• Items listed in a dataset
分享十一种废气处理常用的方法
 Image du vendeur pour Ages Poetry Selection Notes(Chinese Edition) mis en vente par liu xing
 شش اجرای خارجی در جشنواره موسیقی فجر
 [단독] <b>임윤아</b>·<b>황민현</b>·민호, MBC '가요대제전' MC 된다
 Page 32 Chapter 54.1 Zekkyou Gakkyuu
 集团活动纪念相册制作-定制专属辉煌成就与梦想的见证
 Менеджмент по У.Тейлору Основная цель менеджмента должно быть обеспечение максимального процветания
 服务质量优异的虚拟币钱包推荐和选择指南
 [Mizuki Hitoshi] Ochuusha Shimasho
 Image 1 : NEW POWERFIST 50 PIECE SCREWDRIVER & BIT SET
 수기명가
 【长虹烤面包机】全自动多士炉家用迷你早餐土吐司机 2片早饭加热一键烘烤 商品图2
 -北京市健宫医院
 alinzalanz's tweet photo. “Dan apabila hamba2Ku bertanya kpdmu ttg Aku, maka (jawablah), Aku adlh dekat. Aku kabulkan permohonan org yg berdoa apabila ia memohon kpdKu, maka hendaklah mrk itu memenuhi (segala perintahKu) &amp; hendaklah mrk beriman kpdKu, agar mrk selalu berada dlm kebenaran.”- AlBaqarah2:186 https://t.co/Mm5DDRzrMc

• WHAT TO DO
Where "Image" occurs in a line of the data above, count that line. Give the final count and no other words.

• ANSWER SECTION
2